Holy Week is barely behind us – a week that began with the celebration of Palm Sunday and continued through the intimacy of the Last Supper on Maundy Thursday and the solemnity of Good Friday into the joy of Easter morning.
I find it incredibly interesting how the world around us has coincided with this liturgical progression this year. Palm Sunday was sunny, beautiful, warm (well … warm by March-in-Minnesota standards, anyway). By Maundy Thurs., we had all been driven to the intimacy of the indoors by colder temperatures and a blanket of snowfall. Good Friday was chilly, wet, overcast. It was a darker sort of day, both inside the church and out.
And then, by Easter evening, we had this:
Light.
Beauty.
Glory.
And in that moment, when Peter and I were standing in our backyard marveling at the sunset with the boys in our arms, I kept having this hymn running through my head.
For the beauty of the earth,
For the splendor of the skies,
For the love which from our birth
Over and around us lies,
God of all, to you we raise
This our hymn of grateful praise.
Folliott Sandford Pierpoint (1835-1917), an English poet, was inspired to write these words by the beauty of a spring day in his native town of Bath, England.[i] He originally penned the words to this hymn intending for them to be used during communion – a way to infuse joy into a part of the service that was usually very solemn.

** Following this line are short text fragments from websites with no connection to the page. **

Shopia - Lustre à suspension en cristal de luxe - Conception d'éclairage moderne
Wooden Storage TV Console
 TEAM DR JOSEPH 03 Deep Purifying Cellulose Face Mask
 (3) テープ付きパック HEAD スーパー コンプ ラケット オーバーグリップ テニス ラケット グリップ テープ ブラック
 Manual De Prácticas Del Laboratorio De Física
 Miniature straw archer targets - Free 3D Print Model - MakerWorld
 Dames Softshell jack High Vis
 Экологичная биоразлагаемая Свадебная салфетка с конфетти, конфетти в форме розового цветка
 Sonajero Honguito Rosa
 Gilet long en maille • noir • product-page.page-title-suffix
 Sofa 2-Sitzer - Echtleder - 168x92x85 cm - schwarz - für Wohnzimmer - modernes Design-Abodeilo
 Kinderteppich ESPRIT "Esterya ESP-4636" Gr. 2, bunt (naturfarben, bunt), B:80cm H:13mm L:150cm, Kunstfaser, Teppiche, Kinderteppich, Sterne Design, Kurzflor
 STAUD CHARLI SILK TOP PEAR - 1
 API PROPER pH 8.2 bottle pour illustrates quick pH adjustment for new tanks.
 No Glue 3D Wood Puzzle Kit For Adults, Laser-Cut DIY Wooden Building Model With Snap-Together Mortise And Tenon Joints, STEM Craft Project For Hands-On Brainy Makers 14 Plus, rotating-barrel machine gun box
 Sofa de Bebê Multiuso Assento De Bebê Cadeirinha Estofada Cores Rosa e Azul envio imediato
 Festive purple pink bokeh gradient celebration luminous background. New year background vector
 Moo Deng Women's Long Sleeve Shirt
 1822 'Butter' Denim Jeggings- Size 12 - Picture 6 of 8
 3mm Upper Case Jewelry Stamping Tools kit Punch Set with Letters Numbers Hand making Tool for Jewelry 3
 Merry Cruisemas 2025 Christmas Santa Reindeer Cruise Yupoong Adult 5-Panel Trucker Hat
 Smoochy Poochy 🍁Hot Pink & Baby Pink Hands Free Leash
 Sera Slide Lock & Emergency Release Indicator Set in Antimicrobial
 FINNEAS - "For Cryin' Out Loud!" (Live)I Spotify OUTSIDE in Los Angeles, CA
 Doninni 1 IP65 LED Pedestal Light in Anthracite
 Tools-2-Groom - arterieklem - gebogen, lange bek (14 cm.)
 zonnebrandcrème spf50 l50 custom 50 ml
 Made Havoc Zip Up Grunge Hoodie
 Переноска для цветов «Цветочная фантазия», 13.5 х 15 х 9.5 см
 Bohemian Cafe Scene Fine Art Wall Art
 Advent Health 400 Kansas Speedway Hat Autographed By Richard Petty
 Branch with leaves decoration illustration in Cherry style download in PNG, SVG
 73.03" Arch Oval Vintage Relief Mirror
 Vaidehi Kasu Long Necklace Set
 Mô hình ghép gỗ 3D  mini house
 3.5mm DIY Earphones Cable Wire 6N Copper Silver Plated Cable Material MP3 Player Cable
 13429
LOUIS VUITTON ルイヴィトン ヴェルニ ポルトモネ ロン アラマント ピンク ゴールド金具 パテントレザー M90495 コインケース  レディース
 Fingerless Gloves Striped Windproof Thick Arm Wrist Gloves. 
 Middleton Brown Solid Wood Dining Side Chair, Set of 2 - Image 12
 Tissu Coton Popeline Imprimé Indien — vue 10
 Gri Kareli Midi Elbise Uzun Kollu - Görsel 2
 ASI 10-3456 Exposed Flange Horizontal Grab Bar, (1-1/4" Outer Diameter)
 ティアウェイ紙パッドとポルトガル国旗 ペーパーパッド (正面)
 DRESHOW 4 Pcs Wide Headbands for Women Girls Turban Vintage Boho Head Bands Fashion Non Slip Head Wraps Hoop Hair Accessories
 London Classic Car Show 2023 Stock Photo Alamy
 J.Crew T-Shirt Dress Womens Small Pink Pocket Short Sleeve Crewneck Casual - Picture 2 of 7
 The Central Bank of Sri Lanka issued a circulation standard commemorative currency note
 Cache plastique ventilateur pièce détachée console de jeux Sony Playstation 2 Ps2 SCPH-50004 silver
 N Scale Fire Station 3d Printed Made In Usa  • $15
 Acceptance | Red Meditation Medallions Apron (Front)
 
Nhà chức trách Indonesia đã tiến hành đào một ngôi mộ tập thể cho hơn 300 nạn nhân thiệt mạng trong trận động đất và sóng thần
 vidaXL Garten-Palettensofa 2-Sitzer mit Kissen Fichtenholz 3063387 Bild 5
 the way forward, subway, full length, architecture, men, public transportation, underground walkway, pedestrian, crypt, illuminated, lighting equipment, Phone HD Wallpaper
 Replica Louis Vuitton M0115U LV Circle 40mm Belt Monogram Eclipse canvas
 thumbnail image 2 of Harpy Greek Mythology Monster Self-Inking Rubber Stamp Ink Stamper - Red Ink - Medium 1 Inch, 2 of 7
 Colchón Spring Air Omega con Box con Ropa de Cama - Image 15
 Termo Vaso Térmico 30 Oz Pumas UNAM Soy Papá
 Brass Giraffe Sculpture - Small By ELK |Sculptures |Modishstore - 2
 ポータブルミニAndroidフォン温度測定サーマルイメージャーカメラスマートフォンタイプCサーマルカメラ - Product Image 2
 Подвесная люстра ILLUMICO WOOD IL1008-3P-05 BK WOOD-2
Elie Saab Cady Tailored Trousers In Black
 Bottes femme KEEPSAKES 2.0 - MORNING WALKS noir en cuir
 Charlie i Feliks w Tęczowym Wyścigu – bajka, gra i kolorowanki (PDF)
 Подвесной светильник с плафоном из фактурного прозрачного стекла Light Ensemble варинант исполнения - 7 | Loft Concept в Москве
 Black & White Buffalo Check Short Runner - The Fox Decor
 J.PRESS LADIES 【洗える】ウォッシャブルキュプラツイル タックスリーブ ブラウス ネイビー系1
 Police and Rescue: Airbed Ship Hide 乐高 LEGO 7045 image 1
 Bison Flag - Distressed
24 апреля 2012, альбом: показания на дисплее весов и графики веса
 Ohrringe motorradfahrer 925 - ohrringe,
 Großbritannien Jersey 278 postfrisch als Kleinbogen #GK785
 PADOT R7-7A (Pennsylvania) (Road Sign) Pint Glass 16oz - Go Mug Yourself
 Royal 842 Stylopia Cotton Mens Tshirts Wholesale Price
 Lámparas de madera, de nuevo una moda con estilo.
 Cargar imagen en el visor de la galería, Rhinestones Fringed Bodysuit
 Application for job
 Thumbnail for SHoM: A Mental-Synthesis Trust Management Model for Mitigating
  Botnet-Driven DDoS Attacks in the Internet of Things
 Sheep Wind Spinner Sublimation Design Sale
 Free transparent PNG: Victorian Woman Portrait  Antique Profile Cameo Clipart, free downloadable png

Just as Pierpoint intended to infuse the solemn and sacred ritual of the Lord’s Supper with an element of joy, so the joy and the miracle of Easter infuse our lives and hearts with joy, even in the midst of the solemn, the troublesome, the worn-out, and the mundane. In the miracle of Easter – in the elation of the unexpectedly empty tomb and the declaration of the Good News: HE IS RISEN! – we find a Light that cannot be extinguished. We find a Light more awe-inspiring even than the most stunning sunset the world has ever seen. We find a Light warmer and more life-giving that the brightest rays of sunshine. Into the solemnity of our days and worries and responsibilities, God injects the Light of Hope – hope in a life everlasting, hope in a Savior who came and died and rose again for our sake, hope in a future that is unknowable in the particulars but sure in grace.
“Our Lord Jesus Christ himself and God our Father loved us and through grace gave us eternal comfort and a good hope. May he encourage your hearts and give you strength in everything you do or say.” ~ 2 Thessalonians 2:16-17
Alleluia! Amen.
[i] The New Century Hymnal Companion: A Guide to the Hymns. (Cleveland, OH: The Pilgrim Press, 1998), 225.